The man, in his 70s, told The News by phone on Friday morning that he had just ordered the installer off his property, and threw the smart meter back onto the road. He said the police had been called, and asked The News to attend. They had no right to be on private property uninvited, he maintained. The family later asked for anonymity.
Police resolved the incident without charges being laid. Neither the man who started the incident, nor the middle-aged woman who identified herself as the homeowner, offered further comment. The installer from Corix Utilities, which is the contractor for Hydro handling the installs, also had no comment on the incident.
Abbotsford Police Const. Ian MacDonald said the resident indicated he did not want a smart meter. The Hydro installer said that was fine, but he needed to take a photograph of the existing meter. The resident would not allow that either, and a heated exchange ensued. Police are not considering the incident an assault.
Hydro’s Cindy Verschoor, manager of communications for smart metering in Abbotsford, explained Hydro does have the right to be on private property to access its equipment. Power meters are owned by Hydro, considered part of the province’s power grid, and access to them is protected under federal and provincial laws.
What’s more, she said people who don’t want a smart meter should not confront the installers.
“If a customer has a concern about the smart meter, all they have to do is call,” she said.
Verschoor said more than 99 per cent of customers are accepting the new devices, but admitted “there are people who do have concerns.”
The number to phone is 1-800-224-9376 to request a delay in the installation of a smart meter, and Hydro will deal with concerns.
“We’re talking to people as we go,” said Verschoor. “We’re having very good success.”
She said the new meters are part of modernizing the grid, which has not been updated since the 1950s.

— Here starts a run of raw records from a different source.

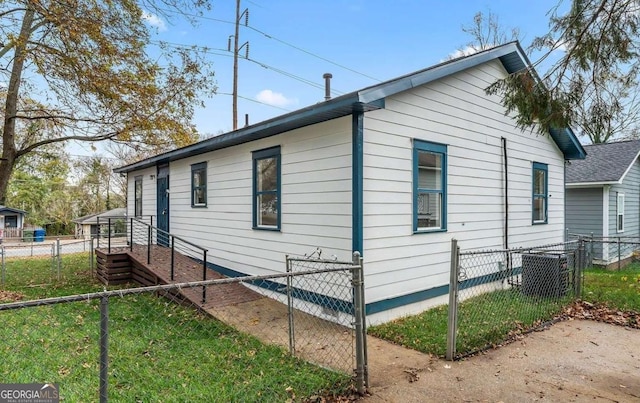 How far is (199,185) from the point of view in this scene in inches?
371

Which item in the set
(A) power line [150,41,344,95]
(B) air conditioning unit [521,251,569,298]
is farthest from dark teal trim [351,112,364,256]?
(A) power line [150,41,344,95]

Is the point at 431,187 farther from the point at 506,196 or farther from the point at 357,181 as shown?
the point at 506,196

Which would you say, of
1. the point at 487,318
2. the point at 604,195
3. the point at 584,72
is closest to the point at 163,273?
the point at 487,318

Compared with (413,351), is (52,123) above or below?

She added there have been 25,000 studies on radio frequencies worldwide, and there have been no links to human health.
Provincial health officer Dr. Perry Kendall has affirmed there is no health concern associated with the meters.
However, there are those who believe otherwise.
In September 2011, the province’s municipalities called for a delay in the smart meter rollout at the Union of BC Municipalities (UBCM) convention, citing cost and consultation concerns.
The install is costing $1 billion, but Hydro estimates it will result in $1.6 billion over 20 years in energy savings through conservation and prevention of power theft.
Verschoor said Hydro has so far completed about 7,000 of the 68,000 smart meter installations to be done in Abbotsford, and this is the only incident.
Province-wide, the utility company has replaced 715,000 out of 1.8 million analog meters.
Verschoor said confrontations have been “very, very rare.”